One term in particular that I have struggled with over the several months and how it is used in the conversation regarding the Conflict is the word genocide. This charge has been leveled at Israel by many of its critics. Most painfully and personally, one of my former students from my time educating at a boarding school for North American Jewish high schoolers located outside of Jerusalem has been very public in their forwarding the narrative that Israel is engaged in crimes against humanity, specifically genocide.  


I do not have the space here to do a full academic refutation of this claim. Yet what is happening in the Gaza Strip at this moment does constitute, according to any definition of the term, an ethnic cleansing or genocide. While there has been tragic and terrible loss of life, the State and army of Israel are not engaged in these acts. Falsely claiming that they are has two consequences in my mind. The first is that we badly need the terminology to name and label barbaric acts of ethnic cleansing, yet when we misuse them, much as the young man who cried wolf, we are likely to find others skeptical of our cries and unwilling or unable to act in the face of actual genocide. The second is that it does a great disrespect for the millions of human beings that have been killed in acts of ethnic violence. Rwanda, Cambodia, the Balkans, you would be hard pressed to find a place in this world free of a history of inter-group violence. Erroneously calling the horrible consequences of a war genocide does a great disservice to the memory of those killed in past instances of these crimes and makes it more difficult to internalize the lessons that will, I pray, stop humanity from waging violence in this manner. 

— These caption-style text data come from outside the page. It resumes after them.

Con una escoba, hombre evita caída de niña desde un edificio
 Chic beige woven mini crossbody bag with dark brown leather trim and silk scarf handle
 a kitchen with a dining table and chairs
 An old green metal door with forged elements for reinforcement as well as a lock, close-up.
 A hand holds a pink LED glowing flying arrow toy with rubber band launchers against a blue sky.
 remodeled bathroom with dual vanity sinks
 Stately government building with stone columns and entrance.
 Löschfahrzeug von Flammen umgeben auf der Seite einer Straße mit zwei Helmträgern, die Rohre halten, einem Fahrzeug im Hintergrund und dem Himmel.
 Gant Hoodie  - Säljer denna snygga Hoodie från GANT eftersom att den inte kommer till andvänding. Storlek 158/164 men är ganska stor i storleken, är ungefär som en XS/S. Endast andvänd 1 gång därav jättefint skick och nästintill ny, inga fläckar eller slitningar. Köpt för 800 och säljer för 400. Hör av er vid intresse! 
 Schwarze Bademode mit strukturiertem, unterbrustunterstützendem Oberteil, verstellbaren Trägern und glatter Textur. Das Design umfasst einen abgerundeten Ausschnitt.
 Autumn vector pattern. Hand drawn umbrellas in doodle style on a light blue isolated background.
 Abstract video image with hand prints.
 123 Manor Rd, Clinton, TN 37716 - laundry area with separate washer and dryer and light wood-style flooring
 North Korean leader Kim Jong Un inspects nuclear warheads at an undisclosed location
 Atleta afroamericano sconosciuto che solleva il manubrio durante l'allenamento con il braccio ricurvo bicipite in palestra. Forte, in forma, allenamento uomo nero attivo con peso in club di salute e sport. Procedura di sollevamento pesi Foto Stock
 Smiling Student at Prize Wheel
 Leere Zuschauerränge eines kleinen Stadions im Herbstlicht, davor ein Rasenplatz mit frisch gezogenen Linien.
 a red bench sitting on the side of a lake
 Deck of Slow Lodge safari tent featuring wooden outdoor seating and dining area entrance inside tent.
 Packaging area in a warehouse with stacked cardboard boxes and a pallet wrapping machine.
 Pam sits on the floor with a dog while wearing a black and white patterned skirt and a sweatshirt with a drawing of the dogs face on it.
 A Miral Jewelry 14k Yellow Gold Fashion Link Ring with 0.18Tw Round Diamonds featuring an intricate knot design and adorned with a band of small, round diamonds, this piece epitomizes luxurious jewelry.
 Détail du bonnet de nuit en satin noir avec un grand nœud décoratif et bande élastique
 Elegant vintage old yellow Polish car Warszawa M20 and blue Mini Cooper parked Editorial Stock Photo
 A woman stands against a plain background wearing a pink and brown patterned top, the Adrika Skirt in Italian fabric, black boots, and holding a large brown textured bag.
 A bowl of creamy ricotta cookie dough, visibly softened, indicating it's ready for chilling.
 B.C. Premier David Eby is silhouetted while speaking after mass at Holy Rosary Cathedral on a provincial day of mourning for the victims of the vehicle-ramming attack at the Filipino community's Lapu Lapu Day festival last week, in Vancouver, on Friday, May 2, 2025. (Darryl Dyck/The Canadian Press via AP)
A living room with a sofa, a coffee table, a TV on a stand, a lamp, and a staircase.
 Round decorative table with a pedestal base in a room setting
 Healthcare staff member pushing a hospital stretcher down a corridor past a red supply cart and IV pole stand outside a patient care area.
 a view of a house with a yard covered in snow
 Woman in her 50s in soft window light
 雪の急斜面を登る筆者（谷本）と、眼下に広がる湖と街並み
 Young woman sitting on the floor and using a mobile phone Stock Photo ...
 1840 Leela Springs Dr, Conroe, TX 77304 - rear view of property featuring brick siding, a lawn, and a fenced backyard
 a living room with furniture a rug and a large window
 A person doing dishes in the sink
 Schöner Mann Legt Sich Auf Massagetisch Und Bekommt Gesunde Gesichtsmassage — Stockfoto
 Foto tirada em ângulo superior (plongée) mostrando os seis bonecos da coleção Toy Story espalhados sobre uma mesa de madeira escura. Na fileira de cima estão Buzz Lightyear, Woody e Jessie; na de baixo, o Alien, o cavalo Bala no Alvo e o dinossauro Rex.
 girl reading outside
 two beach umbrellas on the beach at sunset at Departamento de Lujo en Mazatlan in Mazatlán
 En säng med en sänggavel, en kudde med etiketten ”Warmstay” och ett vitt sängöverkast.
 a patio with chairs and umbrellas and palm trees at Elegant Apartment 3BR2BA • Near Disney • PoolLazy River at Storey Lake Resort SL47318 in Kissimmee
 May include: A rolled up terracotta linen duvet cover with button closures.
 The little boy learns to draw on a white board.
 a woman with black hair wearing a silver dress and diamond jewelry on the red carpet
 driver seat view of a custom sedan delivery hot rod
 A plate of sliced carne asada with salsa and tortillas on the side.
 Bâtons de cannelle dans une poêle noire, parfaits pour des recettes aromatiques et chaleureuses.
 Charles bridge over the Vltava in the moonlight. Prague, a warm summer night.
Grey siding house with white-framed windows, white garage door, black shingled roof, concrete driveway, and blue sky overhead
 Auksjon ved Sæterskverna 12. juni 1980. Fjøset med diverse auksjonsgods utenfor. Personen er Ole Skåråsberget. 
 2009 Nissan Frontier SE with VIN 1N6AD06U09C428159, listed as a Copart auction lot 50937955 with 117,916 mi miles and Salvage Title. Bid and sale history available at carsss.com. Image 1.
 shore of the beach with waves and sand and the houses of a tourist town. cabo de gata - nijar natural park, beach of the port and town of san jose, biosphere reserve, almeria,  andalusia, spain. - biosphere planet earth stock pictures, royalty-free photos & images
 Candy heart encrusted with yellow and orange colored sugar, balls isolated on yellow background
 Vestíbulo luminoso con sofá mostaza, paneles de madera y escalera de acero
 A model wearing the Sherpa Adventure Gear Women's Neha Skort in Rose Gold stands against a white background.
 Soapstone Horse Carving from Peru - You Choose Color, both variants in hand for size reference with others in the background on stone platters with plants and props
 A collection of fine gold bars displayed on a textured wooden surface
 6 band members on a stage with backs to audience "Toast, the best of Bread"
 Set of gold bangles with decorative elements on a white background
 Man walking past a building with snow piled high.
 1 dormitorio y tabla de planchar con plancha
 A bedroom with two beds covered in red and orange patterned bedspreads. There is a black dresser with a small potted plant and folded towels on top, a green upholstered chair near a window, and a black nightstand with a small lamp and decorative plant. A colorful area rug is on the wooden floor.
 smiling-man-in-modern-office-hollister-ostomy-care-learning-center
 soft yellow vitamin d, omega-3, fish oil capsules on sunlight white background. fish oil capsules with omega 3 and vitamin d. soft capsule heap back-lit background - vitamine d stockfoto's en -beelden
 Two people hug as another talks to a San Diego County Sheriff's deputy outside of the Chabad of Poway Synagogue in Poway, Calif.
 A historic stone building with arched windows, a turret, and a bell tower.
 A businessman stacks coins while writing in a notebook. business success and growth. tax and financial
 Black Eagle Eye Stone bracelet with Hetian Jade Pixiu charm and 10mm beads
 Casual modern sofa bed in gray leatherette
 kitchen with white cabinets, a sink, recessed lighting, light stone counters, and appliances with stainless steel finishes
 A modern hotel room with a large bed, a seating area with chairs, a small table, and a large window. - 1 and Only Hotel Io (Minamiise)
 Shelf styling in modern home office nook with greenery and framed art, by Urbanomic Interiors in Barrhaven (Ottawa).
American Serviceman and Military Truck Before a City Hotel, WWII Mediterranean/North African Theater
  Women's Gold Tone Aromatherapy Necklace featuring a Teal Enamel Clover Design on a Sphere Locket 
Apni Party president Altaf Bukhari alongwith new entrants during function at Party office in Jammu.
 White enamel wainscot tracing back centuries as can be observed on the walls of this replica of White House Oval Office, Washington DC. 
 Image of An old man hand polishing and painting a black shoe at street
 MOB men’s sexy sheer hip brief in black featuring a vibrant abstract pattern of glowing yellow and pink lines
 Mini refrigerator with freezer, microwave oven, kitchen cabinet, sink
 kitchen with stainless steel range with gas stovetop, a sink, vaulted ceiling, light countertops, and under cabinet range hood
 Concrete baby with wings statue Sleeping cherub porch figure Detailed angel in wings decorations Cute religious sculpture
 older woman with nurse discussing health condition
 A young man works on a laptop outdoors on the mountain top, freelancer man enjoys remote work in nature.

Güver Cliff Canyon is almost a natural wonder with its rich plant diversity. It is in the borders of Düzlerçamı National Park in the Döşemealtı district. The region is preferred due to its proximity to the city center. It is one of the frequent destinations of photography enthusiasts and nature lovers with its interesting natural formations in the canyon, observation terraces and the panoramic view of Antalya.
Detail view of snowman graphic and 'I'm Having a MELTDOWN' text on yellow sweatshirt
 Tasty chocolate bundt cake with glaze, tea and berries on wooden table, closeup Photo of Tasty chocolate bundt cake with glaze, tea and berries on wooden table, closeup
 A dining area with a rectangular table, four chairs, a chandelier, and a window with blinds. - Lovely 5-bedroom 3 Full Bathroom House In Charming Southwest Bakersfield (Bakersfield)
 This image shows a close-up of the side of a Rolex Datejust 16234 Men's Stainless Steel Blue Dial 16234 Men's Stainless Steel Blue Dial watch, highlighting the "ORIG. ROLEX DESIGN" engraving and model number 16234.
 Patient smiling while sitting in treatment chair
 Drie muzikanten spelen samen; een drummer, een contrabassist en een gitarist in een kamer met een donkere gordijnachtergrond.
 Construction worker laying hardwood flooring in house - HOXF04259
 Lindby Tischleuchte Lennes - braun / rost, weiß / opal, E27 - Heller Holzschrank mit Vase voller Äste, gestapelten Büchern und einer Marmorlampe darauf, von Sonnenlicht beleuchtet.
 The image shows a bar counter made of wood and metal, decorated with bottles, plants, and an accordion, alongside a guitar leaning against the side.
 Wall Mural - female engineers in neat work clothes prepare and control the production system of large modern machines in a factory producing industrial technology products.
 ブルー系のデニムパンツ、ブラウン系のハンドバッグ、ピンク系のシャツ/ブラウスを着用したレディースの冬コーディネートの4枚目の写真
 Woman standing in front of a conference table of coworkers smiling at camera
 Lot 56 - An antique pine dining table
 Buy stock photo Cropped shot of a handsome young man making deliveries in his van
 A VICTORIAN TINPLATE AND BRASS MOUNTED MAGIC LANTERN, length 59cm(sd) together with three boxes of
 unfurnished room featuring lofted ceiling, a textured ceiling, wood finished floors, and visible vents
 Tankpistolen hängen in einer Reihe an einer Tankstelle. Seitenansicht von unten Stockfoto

At the exact same time, anyone who looks at the images from Gaza, at the abject and terrible suffering of ordinary Palestinians, particularly of women and children, and is not horrified should do a great deal of soul searching. What could have happened to a person where images of pain and agony would not activate their empathy? We must push those in power to maximize the flow of humanitarian aid and ensure that it is getting into the hands of ordinary Gazans, not pilfered by Hamas. Israel can, and must, push to do all in its power to provide aid. 


Human suffering is horrible to look upon. I can no longer look at images coming out of Gaza, or the short videos released of hostages, or the war wounded seeking to return to their lives - I simply cannot bear the massive catastrophe that has befallen both peoples living in this corner of the world. 


The enormity of suffering, however, does not give me, does not give anyone the right to make false claims that do nothing to move forward the cause of eventual resolution and, ultimately, peace. Claiming Israel is engaged in genocide only causes one side of an incredibly complex conflict to feel boxed in, to make its positioning ever more recalcitrant. While I am sure it feels cathartic to those gathered at protests and demonstrations, it does not bring us any closer to finding common ground, to finding solutions. 


There are many, many, legitimate criticisms to wield against Israel. For those of you who have not been here, I invite you to visit and see just how incredibly critical we are of ourselves, our institutions, and our leaders. And, more often than I would like, we cross the line and give certain names and labels to people who do not deserve them. 


The incredible time of healing, and it will take years, that will come after this war will present opportunities for new understanding, new paradigms that just might create a new reality for millions of people who have known instability and violence for too long. But we will not be able to do so unless both sides can minimize their vilifications of one another. We would do well to remember the wisdom of Parashat VaYakehl, that there is great power in names and words, in the ways to which we refer to one another and what happens in our world.